AWS Storage Blog

Migrating DigitalOcean Spaces to Amazon S3 using AWS DataSync

Organizations may at times have to transfer large amounts of object data from one cloud service provider to another. There can be several reasons for this, including data consolidation, moving workloads, disaster recovery planning, or cost optimization efforts. Completing a successful migration requires several key elements, including full encryption of the data being transferred, the ability to detect changes, validating the integrity of the objects being moved, controlling network speeds to optimize migration performance, and cost-effective monitoring. However, developing solutions that meet these requirements can be a time-consuming and expensive process, and difficult to scale. Furthermore, migrating between public cloud providers may limit certain options, such as direct access to the storage devices at the data center.

In this post, I will guide you through moving object data from DigitalOcean Spaces, an Amazon S3-compatible object storage service, to Amazon S3 using AWS DataSync. AWS DataSync is a powerful service that offers a range of built-in features to facilitate data transfers between different storage systems, whether on-premises or in the cloud. Its network optimization, data validation, and scheduling capabilities enable users to perform transfers quickly, accurately, and efficiently. In moving data to AWS, you can leverage AWS’s unmatched experience, maturity, reliability, security, and performance, which you can depend upon for your most important applications.

AWS DataSync overview

AWS DataSync is a secure online service that automates and accelerates moving data between on premises and AWS Storage services. AWS DataSync can copy data between Network File System (NFS) shares, Server Message Block (SMB) shares, Hadoop Distributed File Systems (HDFS), self-managed object storage, AWS Snowcone, Amazon Simple Storage Service (Amazon S3) buckets, Amazon Elastic File System (Amazon EFS) file systems, Amazon FSx for Windows File Server file systems, Amazon FSx for Lustre file systems, Amazon FSz for OpenZFS file systems, Amazon FSx for NetApp ONTAP file systems and other clouds.

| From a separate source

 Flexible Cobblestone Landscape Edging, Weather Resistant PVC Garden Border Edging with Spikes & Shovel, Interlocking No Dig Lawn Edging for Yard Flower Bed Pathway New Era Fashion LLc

How to transfer data from DigitalOcean Spaces to Amazon S3 with AWS DataSync

This tutorial provides a step-by-step guide to configure AWS DataSync for transferring objects from DigitalOcean Spaces to Amazon S3. The architecture of AWS DataSync for this post, as shown in the following diagram, involves a single AWS DataSync agent with the source objects in DigitalOcean Spaces and the Amazon S3 bucket serving as the destination. To prevent traffic from the agent to the AWS DataSync service from traversing over the public internet, it is highly recommended to deploy an interface endpoint. To minimize costs, the agent and private endpoint can be deployed in the same Availability Zone (AZ). This can be achieved by verifying that the AWS DataSync agent and interface endpoint are deployed in the same AZ.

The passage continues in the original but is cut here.